The next-generation construction firms

A number of relatively smaller players, based in Tier-II cities are on the cusp of emerging as the next generation of construction companies

At a time when big infrastructure players are struggling with heavy debt burden, a number of relatively smaller players are on the cusp of emerging as the next generation of construction companies. These companies, which are largely based in tier II cities like Bhopal, Udaipur and Ahmedabad are gaining significant traction, accounting for a lion's share of contracts being recently awarded.

In 2015-16 alone, five companies namely - Dilip Buildcon, GR Infra, Gayatri Projects, Oriental Structural Engineers and Sadbhav engineers were together awarded 32 per cent of all projects by NHAI, amounting to 30 per cent of the total project cost of all contracts.

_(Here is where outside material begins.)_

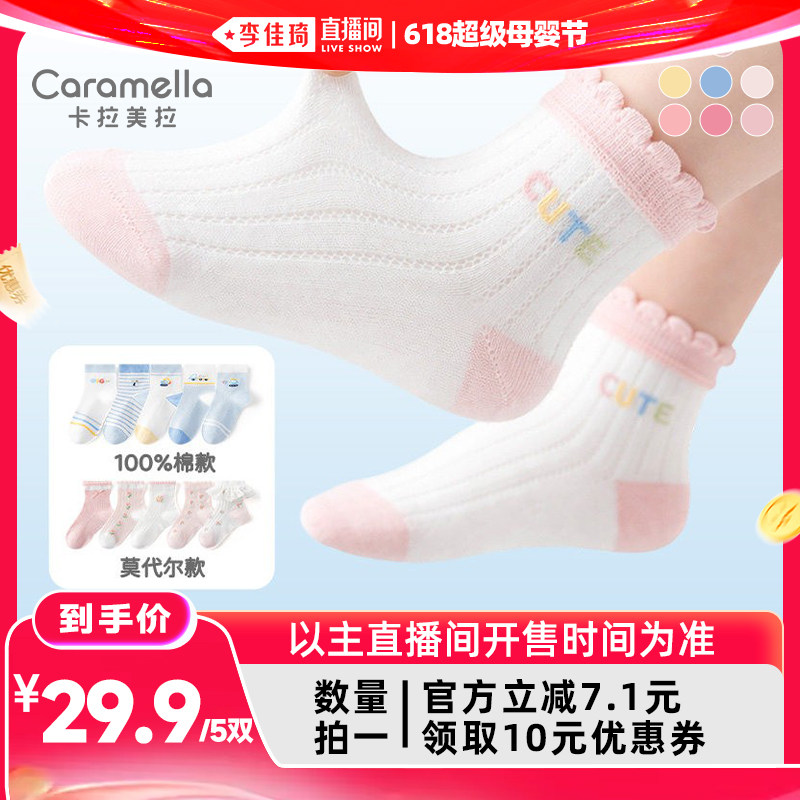 【李佳琦618超级母婴节】caramella卡拉美拉卡通网眼儿童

Financially, these companies appear to be on sounder footing than their bigger counterparts. In 2014-15, the last year for which consolidated balance sheet data is available, not only did these companies have lower debt to equity ratios, but their interest coverage ratios were also higher than the bigger companies. A higher ratio indicates better financial health as it means that the company is better placed to meet its interest obligations from operating earnings.

 

The next-generation construction firms

For instance, in 2014-15, the consolidated debt to equity ratio of Sadbhav Engineering and Dilip Buildcon was estimated at 4.46 and 3.42 compared to 5.57 and 10.04 for GMR Infra and GVK Power Infra. Some of these companies seem to be making significant headway in lowering their debt burden contrary to the bigger players. Gayatri projects has lowered its debt burden from Rs 9428 crore in 2013-14 to Rs 4305 crore in 2014-15. But despite this, the company remains an outlier with a higher consolidated debt to equity ratio than its counterparts.

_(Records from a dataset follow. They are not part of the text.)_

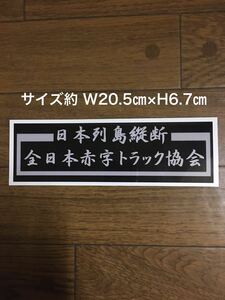 日本列島縦断　全日本赤字トラック協会　ステッカー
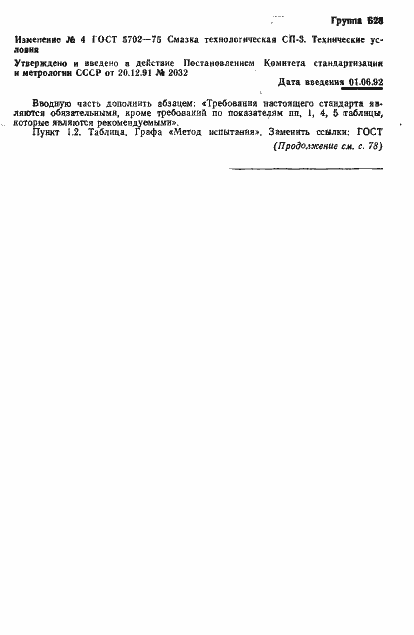 Страница 7 ГОСТ 5702-75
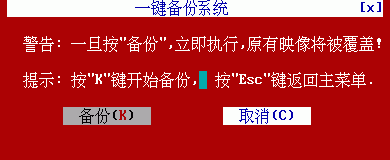 一键Ghost U盘版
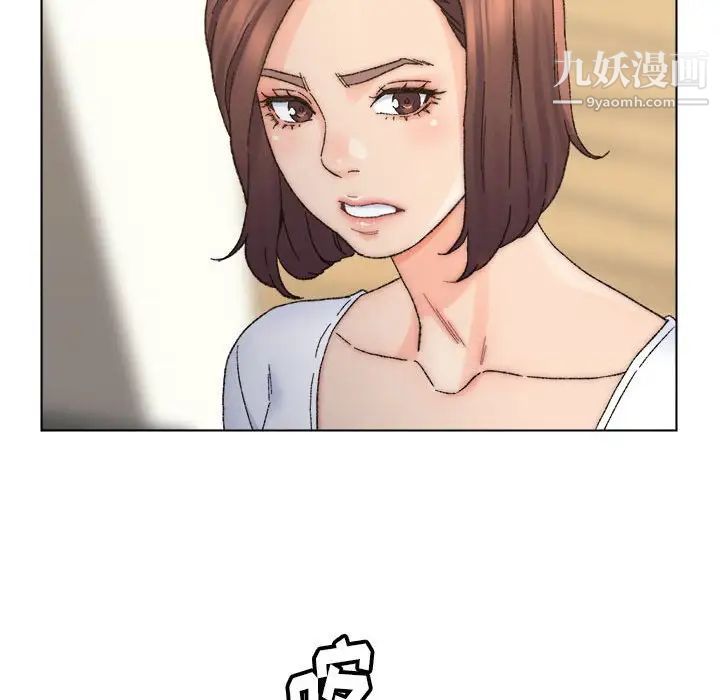 爸爸的朋友第11话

These companies also have a higher interest coverage ratio which places them in a better position to serve their interest burden. While big infra majors like GMR Infra and GVK Power Infra are estimated to have an interest coverage ratio of 0.21 and 0.34 respectively in 2014-15, the same for Dilip Buildcon and Gayatri Projects was estimated at 1.36 and 0.87 respectively. Their meteoric rise and sounder financial position can be largely explained by a strategy which involves shying away from taking on the development risk associated with a project. The rationale for this strategy is simple.

After seeing big players take on huge debt to fund projects and falter, the smaller players are happy to take the engineering, procurement and construction (EPC) route. Under EPC contracts, developers do not take on the market risk which arises from revenue from toll collections being lower than projected. Lower revenue collection negatively impacts the projects viability.

Further, unlike a build-operate-transfer (BOT) contract, in an EPC contract the developer doesn't have to put in equity and take on debt to finance the project.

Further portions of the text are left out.